Copy nothing but the line with "Walpurgis Night celebrations" and the lines that follow it to the end of the entries below, and keep the pictures out.

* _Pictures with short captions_
/---

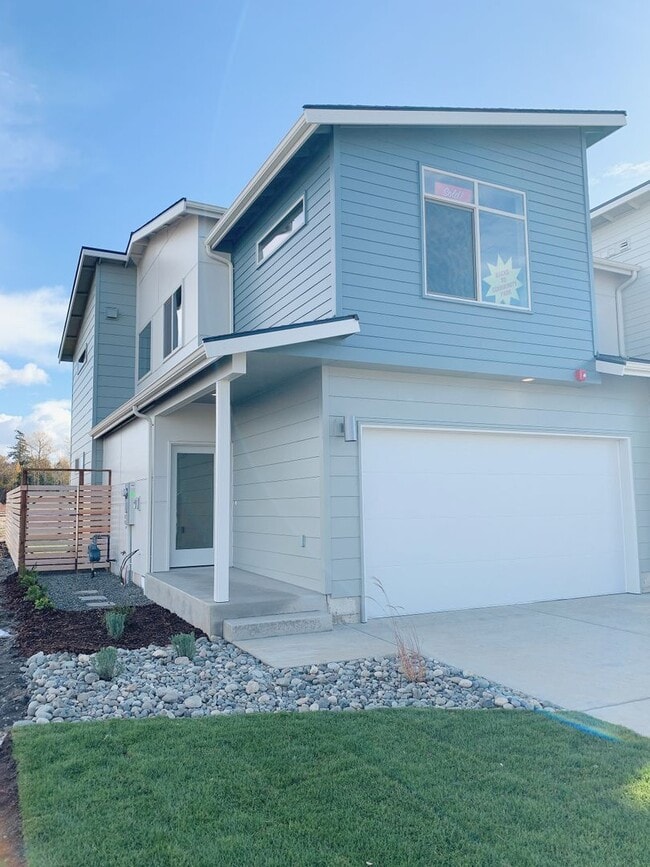 Building Photo - Lease Takeover Available 12/9/25! Sunny 3 bdrm, 2.5 bath in Cordata Neighborhood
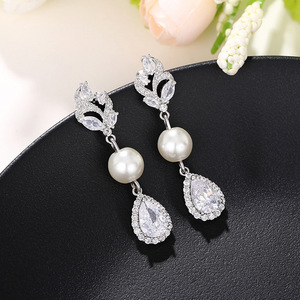 Eleganti Orecchini Vintage a Goccia con Perle e Fiori per Donne, Gioielli Pendenti Lunghi a Forma di Fiore - Product Image 6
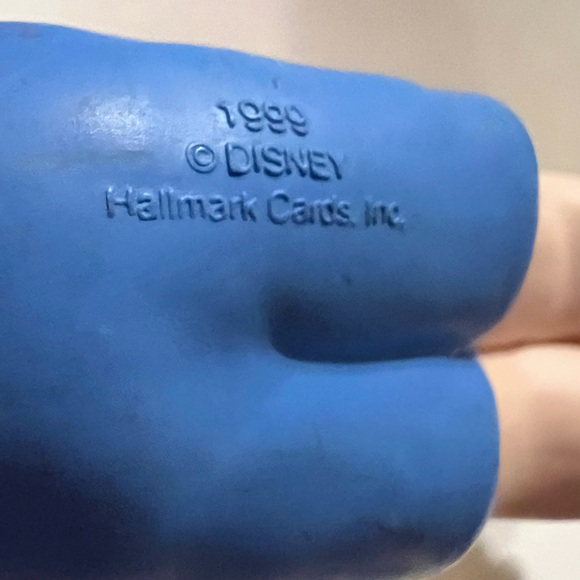 1999 Winnie the Pooh and Chris Robin #1 - Playing with Pooh Christmas Ornament - Picture 3 of 5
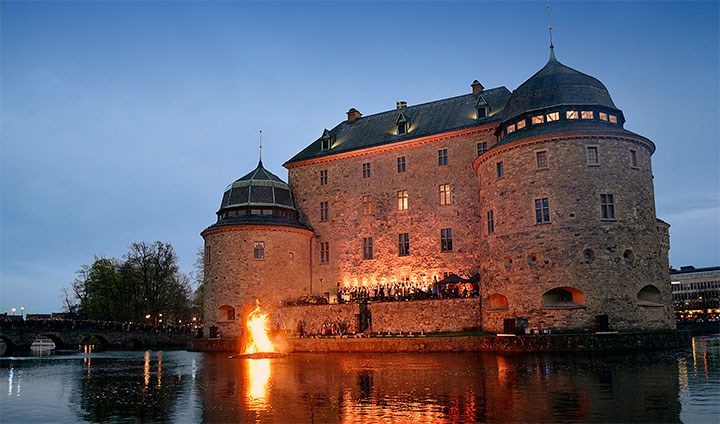 Walpurgis Night celebrations by Örebro Castle.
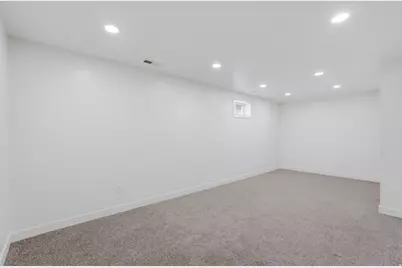 2866 W 1700 N, Clinton, UT 84015 - Photo 19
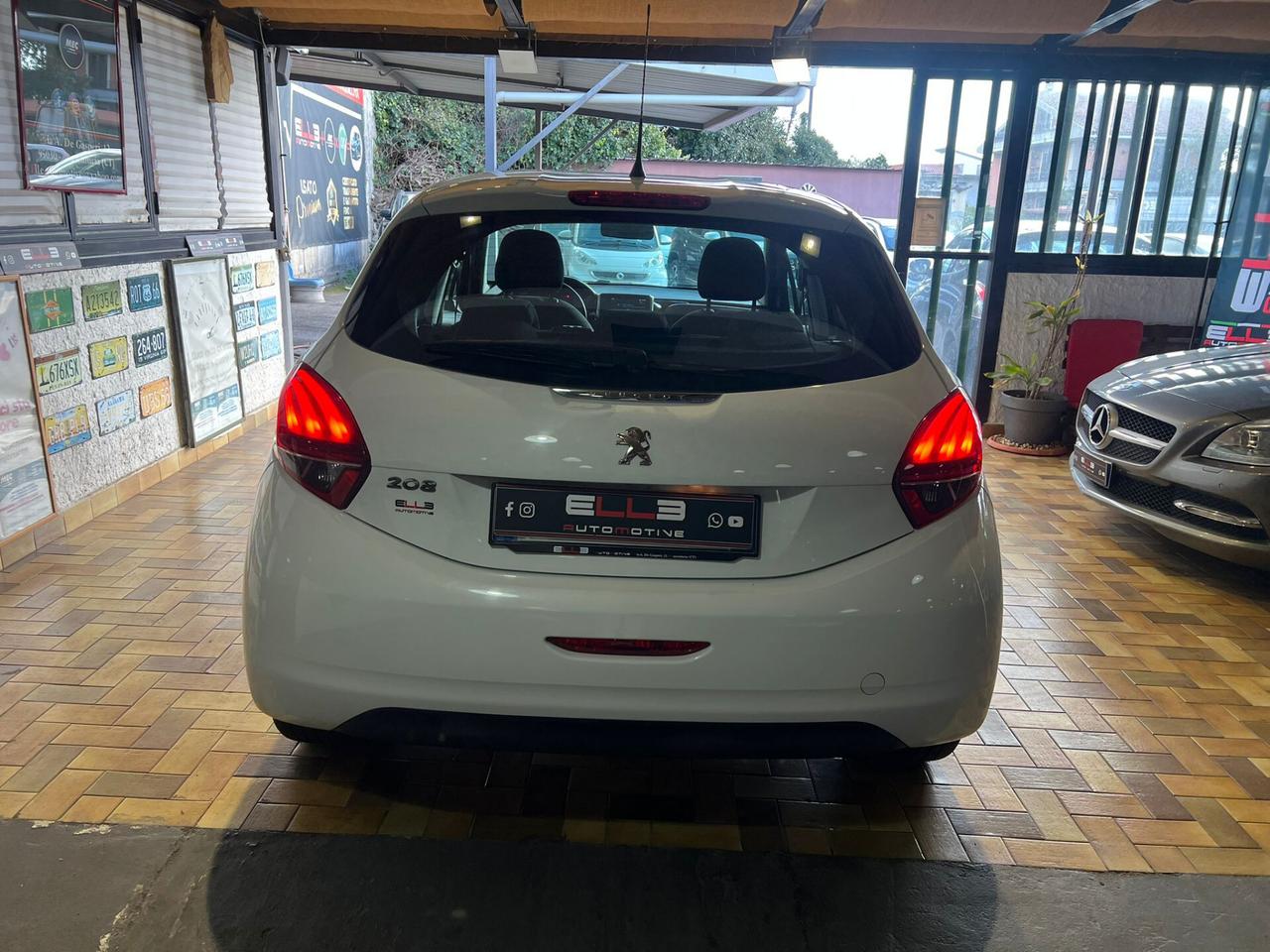 Peugeot 208 1.6 HDi 75 CV 90000 KM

\---

* _SOLUTION FOR THIS TASK_
 Walpurgis Night celebrations by Örebro Castle.
 2866 W 1700 N, Clinton, UT 84015 - Photo 19
 Peugeot 208 1.6 HDi 75 CV 90000 KM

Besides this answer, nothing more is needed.